[Information provided]

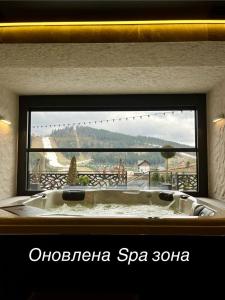 a bath tub in front of a window with a view at Chalet Fomich in Bukovel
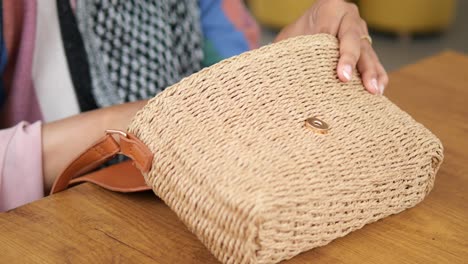 close-up of a brown woven straw bag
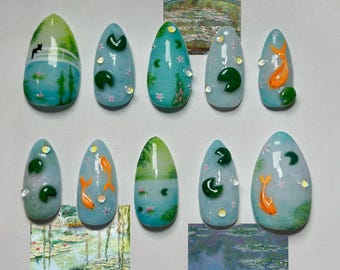 May include: A set of ten almond-shaped artificial nails with a water lily pond design. Each nail features a different design, including koi fish, lily pads, and a cat silhouette. The nails are painted in shades of blue, green, and orange.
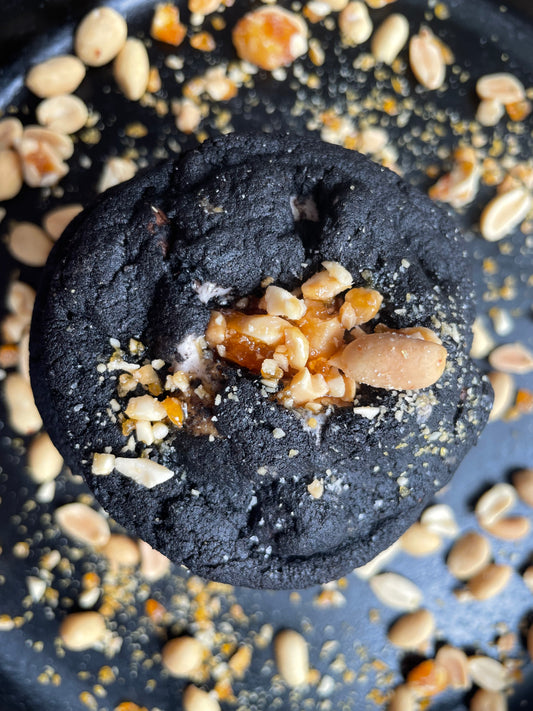 A close-up of the "Dark Chocolate, Peanut Butter, Marshmallow" treat by She means Biscuits, featuring a charred black muffin adorned with crushed peanuts, caramel bits, and flecks of dark chocolate. Whole peanuts are scattered around on the dark surface.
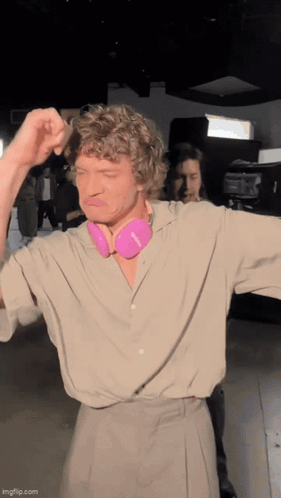 Man with Curly Hair and Pink Headphones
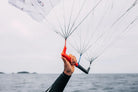 Ozone Pocket Rocket V1 – Parawing Foiling Freedom showcased with a hand gripping the control lines on a windy day.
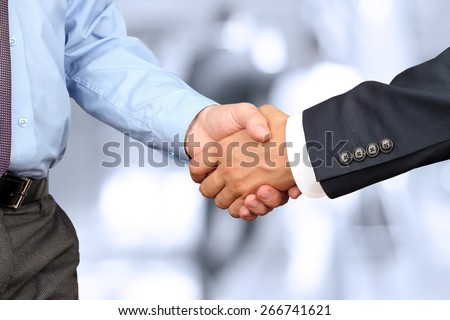  The Close-up image of a firm handshake between two colleagues in office.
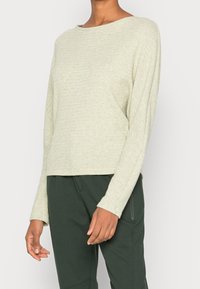 Lichtgroene lange mouwen textuurtrui met een bootnek, met een relaxte pasvorm en een rechte zoom, gedragen met donkergroene broek.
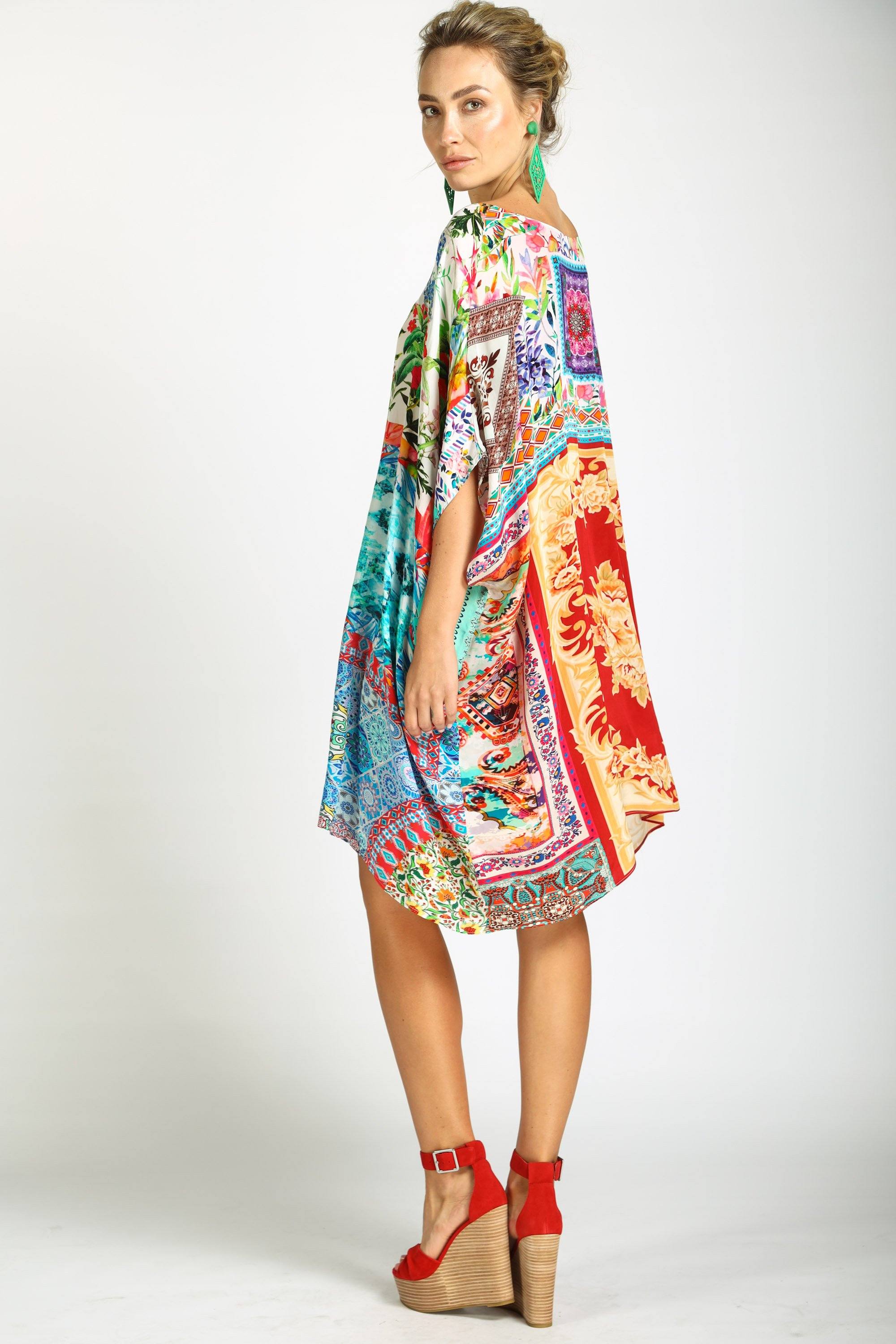 Side view of the Damascus Short Box Kaftan from Bondi (TheSwankStore). This vibrant kaftan dress showcases a rich, multifaceted patchwork design with one long, flowing sleeve and an exposed shoulder, ending above the knee.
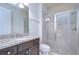 Bathroom boasts a granite countertop vanity and glass-enclosed shower at 5933 Caldera Ridge Dr, Lithia, FL 33547
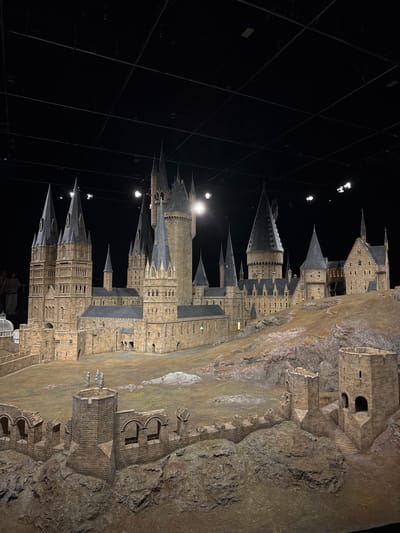 The image shows a detailed model of Hogwarts castle set against a black backdrop with visible lighting rigs. The model is constructed with intricate stonework and features various towers, spires, and walls characteristic of the fictional castle. The model is mounted on a textured base that mimics the rocky terrain surrounding Hogwarts. The scene appears to be a display or exhibit, likely photographed at the Warner Bros. Studio Tour Tokyo, located in Nerima, Japan. The photograph is rotated 90 degrees counter-clockwise.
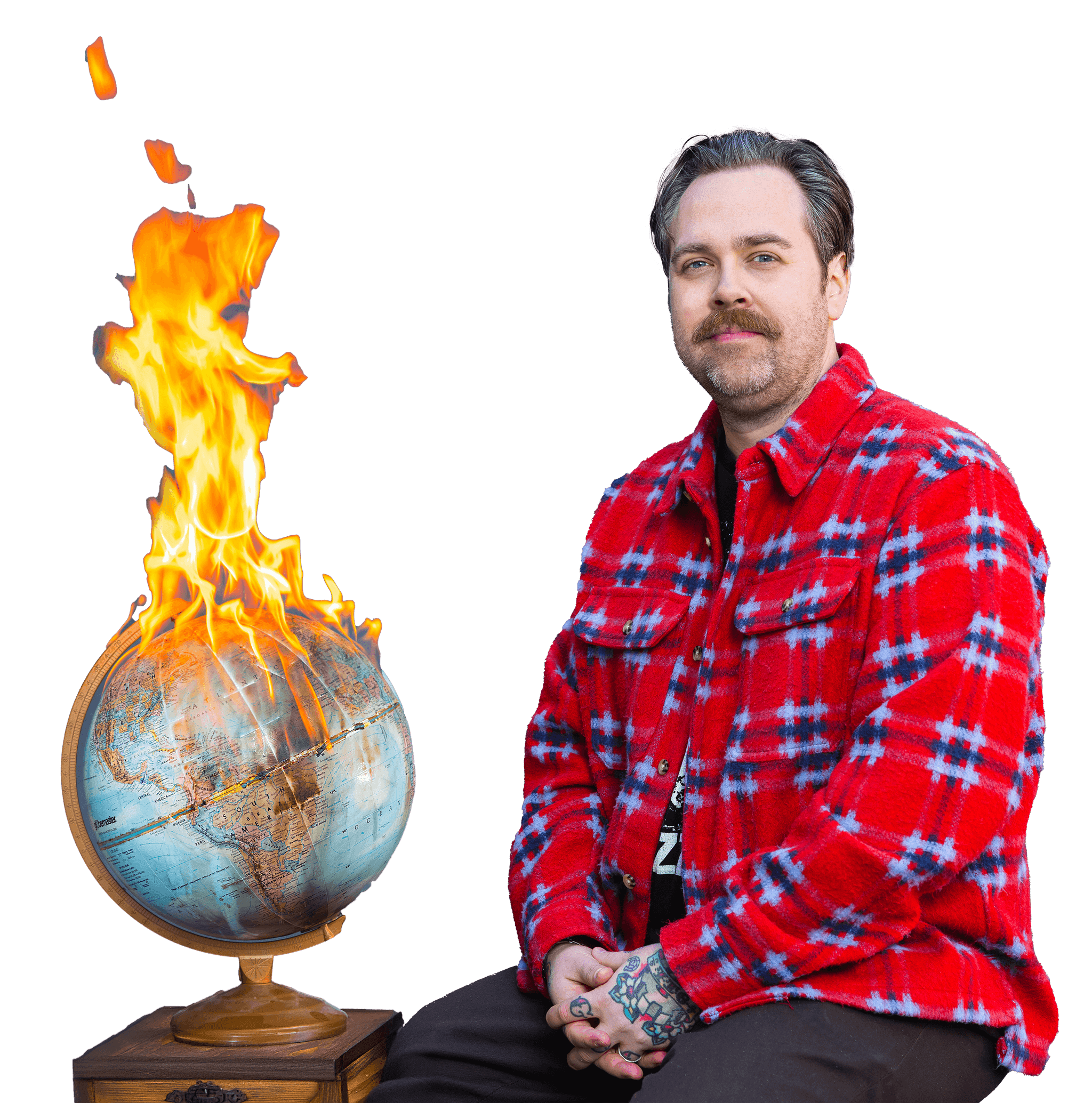 Drew Minns wearing a red plaid jacket sits calmly beside a globe that is dramatically engulfed in flames. He has a mustache, visible tattoos on his hands, and poses against a plain, textured background, creating a striking contrast between composure and crisis.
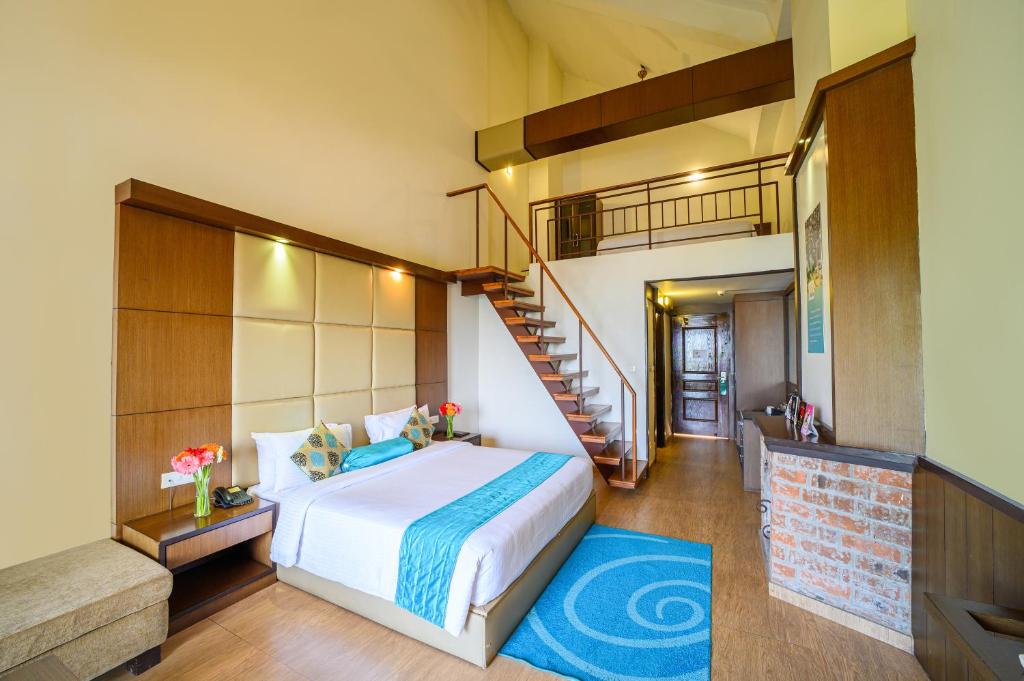 Postel nebo postele na pokoji v ubytování Sinclairs Retreat Kalimpong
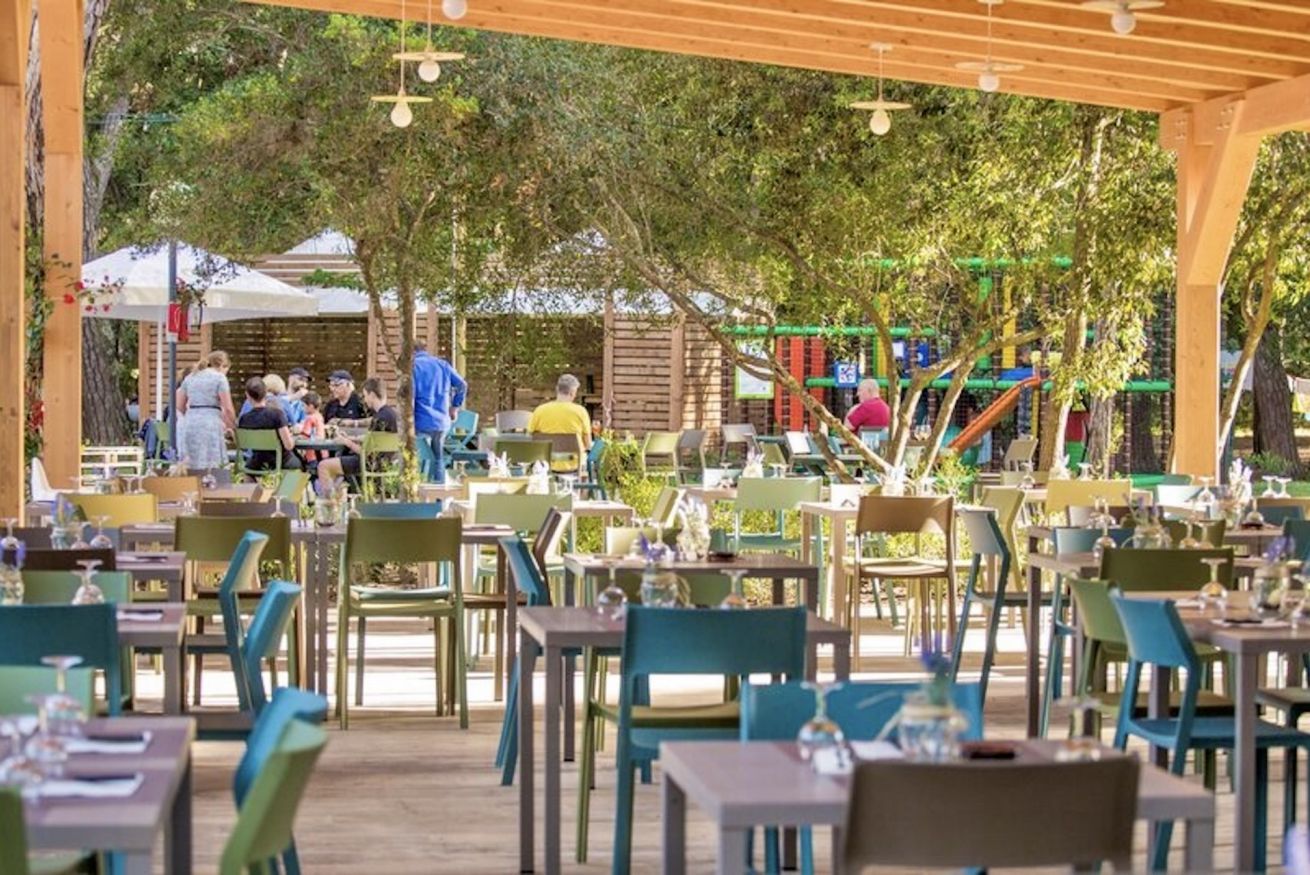 An outdoor dining area with multiple tables and chairs, surrounded by trees and a playground in the background.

[/Information provided]

**Problem**
Each entry above is to be restated exactly, without its images.

**Response to the task**
 a bath tub in front of a window with a view at Chalet Fomich in Bukovel
 close-up of a brown woven straw bag
 May include: A set of ten almond-shaped artificial nails with a water lily pond design. Each nail features a different design, including koi fish, lily pads, and a cat silhouette. The nails are painted in shades of blue, green, and orange.
 A close-up of the "Dark Chocolate, Peanut Butter, Marshmallow" treat by She means Biscuits, featuring a charred black muffin adorned with crushed peanuts, caramel bits, and flecks of dark chocolate. Whole peanuts are scattered around on the dark surface.
 Man with Curly Hair and Pink Headphones
 Ozone Pocket Rocket V1 – Parawing Foiling Freedom showcased with a hand gripping the control lines on a windy day.
  The Close-up image of a firm handshake between two colleagues in office.
 Lichtgroene lange mouwen textuurtrui met een bootnek, met een relaxte pasvorm en een rechte zoom, gedragen met donkergroene broek.
 Side view of the Damascus Short Box Kaftan from Bondi (TheSwankStore). This vibrant kaftan dress showcases a rich, multifaceted patchwork design with one long, flowing sleeve and an exposed shoulder, ending above the knee.
 Bathroom boasts a granite countertop vanity and glass-enclosed shower at 5933 Caldera Ridge Dr, Lithia, FL 33547
 The image shows a detailed model of Hogwarts castle set against a black backdrop with visible lighting rigs. The model is constructed with intricate stonework and features various towers, spires, and walls characteristic of the fictional castle. The model is mounted on a textured base that mimics the rocky terrain surrounding Hogwarts. The scene appears to be a display or exhibit, likely photographed at the Warner Bros. Studio Tour Tokyo, located in Nerima, Japan. The photograph is rotated 90 degrees counter-clockwise.
 Drew Minns wearing a red plaid jacket sits calmly beside a globe that is dramatically engulfed in flames. He has a mustache, visible tattoos on his hands, and poses against a plain, textured background, creating a striking contrast between composure and crisis.
 Postel nebo postele na pokoji v ubytování Sinclairs Retreat Kalimpong
 An outdoor dining area with multiple tables and chairs, surrounded by trees and a playground in the background.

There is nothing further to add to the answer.